Hinduism before the Buddha times was different than in later times. This only can complicate the issue

I think there is first confussion to be cleaned. As Buddhists we follow the sense existent in our sources to understand the variety of beings. It is not our problem when some theists religions can fit the term “god” into their own notions. Before the semitic religions, the common notion for a “god” was similar in all places: the humans named a “god” to any being from an higher origin or realm than humans beings. And this is what we read inside the Buddhist texts.

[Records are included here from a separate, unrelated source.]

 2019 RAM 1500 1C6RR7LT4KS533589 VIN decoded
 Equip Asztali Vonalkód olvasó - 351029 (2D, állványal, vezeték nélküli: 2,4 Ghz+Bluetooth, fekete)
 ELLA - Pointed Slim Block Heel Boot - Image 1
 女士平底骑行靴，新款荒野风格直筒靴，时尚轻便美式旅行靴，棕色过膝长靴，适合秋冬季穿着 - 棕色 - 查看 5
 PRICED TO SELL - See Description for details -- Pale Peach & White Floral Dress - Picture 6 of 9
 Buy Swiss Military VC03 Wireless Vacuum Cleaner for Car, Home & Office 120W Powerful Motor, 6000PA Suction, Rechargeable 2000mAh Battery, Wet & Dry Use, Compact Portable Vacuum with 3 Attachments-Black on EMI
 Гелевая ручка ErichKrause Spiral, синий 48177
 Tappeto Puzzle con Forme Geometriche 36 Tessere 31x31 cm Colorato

A deva is a god. A Brahma is a god not necessarily superior to a deva in spiritual terms. There are quite devas in higher realms than brahmas. The next table can be useful:

https://www.accesstoinsight.org/ptf/dhamma/sagga/loka.html

when a being dies and reborn like a Brahma, his new Reality will be made with an apparent infinite empty space to be occupied by that being. Sometimes that space can become inhabited by other beings who are reborn there, and sometimes with different characteristics belonging to different realms, devas, humans, animals, etc.

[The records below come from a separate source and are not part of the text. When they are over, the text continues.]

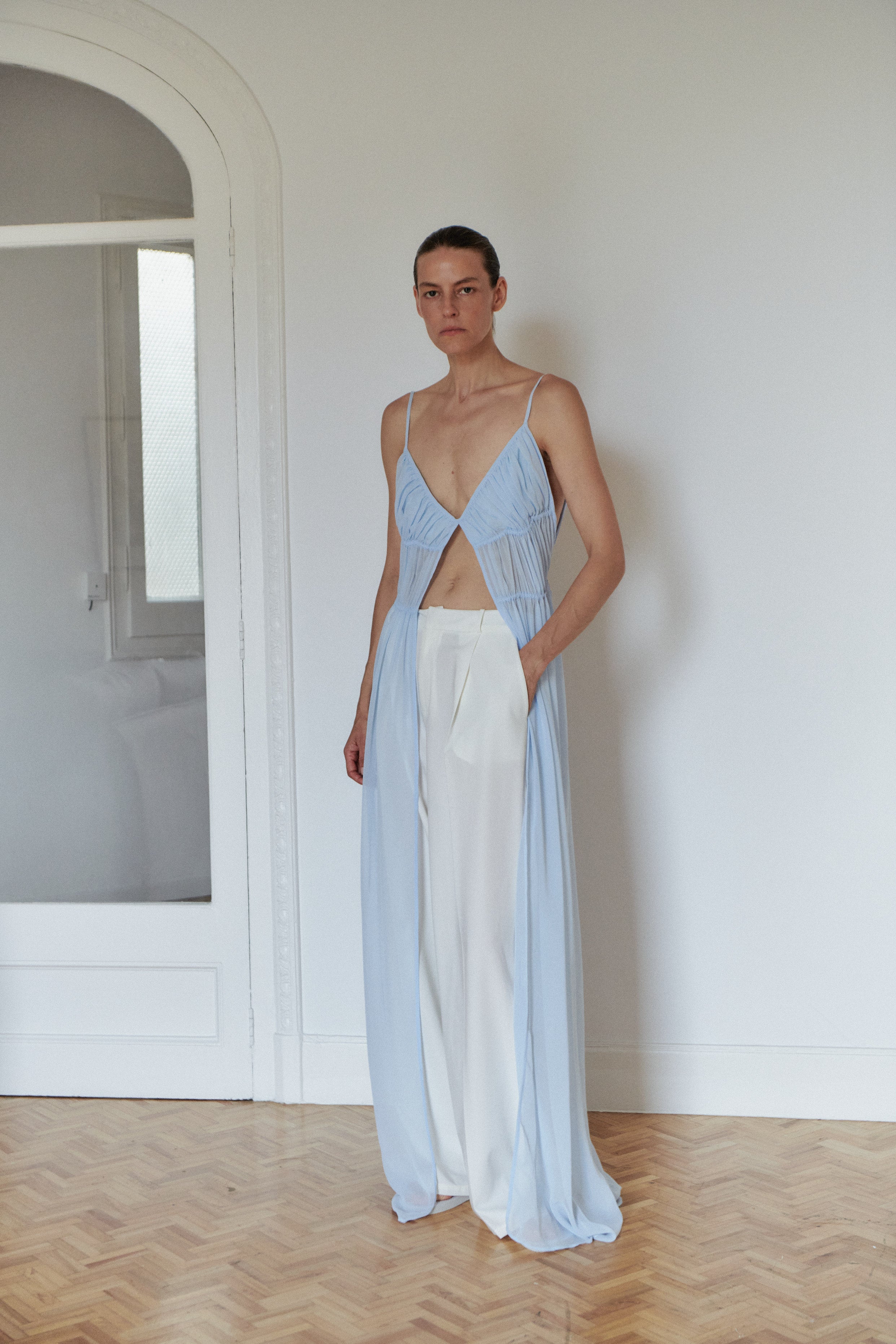 Baby Blue Chiffon Top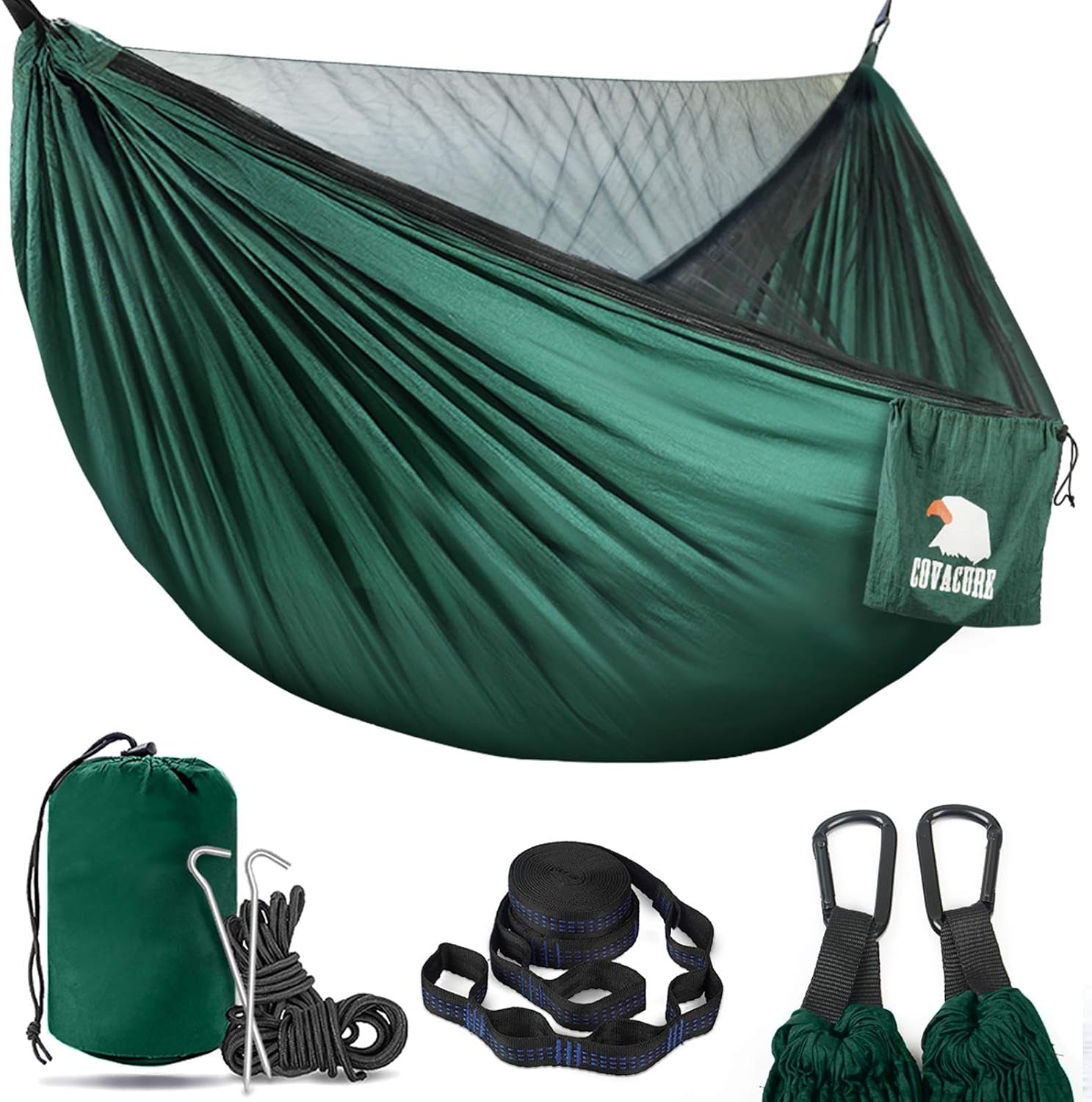 Camping Hammock, 772 Lbs Capacity Double Hammock - Dark Green | Lightweight Hammocks with Tree Straps & Carry Bag, Durable Parachute Nylon, Portable for Hiking, Backyard, Travel, Beach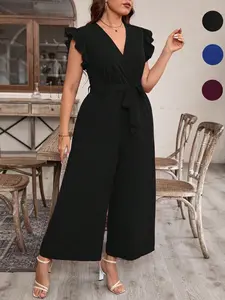 Women's Fashion Casual Loose-Fitting One-Piece Jumpsuit, Comfortable Plain Color Daily Office Wear, All Seasons Style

Probably, a Brahma is not so frequently mentioned like a deva because a different notion and perception. Commonly the devas are perceived like concrete beings while Brahmas are closer to a host-beings or an state-of-being. Most of devas are kama loka like us, while Brahmas are arupa loka.

There is a Sutta in where some people asked to the Buddha if he was a deva after perceiving his radiance. They didn’t asked if he was a Brahma because it doesn’t have sense in front an objectified perception of a god, which was named a deva

> “When asked, ‘Are you a deva?’ you answer, ‘No, brahman, I am not a deva.’ When asked, ‘Are you a gandhabba?’ you answer, ‘No, brahman, I am not a gandhabba.’ When asked, ‘Are you a yakkha?’ you answer, ‘No, brahman, I am not a yakkha.’ When asked, ‘Are you a human being?’ you answer, ‘No, brahman, I am not a human being.’ Then what sort of being are you?”. AN 4.36

Also in the Chantings there is no mention of Brahmas:

> “From all around the galaxies, may the devas come here. May they listen to the True Dhamma of the King of Sages, leading to heaven & emancipation. Those in the heavens of sensuality & form, on peaks & mountain precipices, in palaces floating in the sky, in islands, countries, & towns, in groves of trees & thickets, around homesites & fields. And the earth-devas, spirits, gandhabbas, & nāgas in water, on land, in badlands, & standing nearby: May they come & listen with approval as I recite the word of the excellent sage.”

we can suppose there is not necessity to mention Brahmas while they lack of a clear objectification and their nature is able to know anything in their domains or they believe so.

A deva can be a god spiritually superior to some Brahma, it would depend of the deva as also it could happen with some humans. Buddha and arhants were spiritually higher than Brahmas and devas. There is a Sutta MN 49 with a Brahma who believes that his brahma-attainment was the highest attainment.

Also, some devas can be perceived in many different ways not only in subtile ways neither in “angelical” ways.